INSTRUCTIONS TO FOLLOW: Each line that contains the word "Racing" counts once; give the total for the records below and nothing else.

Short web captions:
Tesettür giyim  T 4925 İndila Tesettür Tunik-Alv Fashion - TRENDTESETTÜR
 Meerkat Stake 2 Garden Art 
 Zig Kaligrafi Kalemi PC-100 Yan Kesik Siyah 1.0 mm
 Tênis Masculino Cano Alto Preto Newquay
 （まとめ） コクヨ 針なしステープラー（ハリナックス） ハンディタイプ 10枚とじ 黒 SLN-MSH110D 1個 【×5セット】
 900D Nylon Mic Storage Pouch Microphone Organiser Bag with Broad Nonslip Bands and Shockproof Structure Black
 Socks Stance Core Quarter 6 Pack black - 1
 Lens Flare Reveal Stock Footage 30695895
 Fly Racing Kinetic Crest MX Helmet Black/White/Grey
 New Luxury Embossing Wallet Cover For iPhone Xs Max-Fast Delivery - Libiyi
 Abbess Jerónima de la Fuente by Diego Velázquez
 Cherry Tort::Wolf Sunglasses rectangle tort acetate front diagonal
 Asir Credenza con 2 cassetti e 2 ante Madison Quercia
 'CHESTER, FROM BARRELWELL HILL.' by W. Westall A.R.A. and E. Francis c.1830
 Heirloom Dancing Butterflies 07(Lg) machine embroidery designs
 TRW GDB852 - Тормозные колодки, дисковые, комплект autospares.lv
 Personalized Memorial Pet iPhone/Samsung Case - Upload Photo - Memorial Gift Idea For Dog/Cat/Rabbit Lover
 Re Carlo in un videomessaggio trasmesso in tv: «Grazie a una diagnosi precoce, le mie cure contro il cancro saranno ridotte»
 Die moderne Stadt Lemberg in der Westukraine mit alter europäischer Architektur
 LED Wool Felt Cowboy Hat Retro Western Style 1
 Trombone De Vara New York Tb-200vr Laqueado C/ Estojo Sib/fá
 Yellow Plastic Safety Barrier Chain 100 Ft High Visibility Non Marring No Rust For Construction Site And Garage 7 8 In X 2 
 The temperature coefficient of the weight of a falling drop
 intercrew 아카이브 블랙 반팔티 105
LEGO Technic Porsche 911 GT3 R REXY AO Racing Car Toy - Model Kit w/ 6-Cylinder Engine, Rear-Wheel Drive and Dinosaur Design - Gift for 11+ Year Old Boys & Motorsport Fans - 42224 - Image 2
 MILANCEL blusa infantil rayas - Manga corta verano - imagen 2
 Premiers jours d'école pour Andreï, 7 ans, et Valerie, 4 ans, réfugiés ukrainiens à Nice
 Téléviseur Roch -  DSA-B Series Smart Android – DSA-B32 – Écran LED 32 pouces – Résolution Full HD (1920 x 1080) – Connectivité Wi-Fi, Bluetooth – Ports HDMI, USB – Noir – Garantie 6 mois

ANSWER TO THE PROBLEM: 2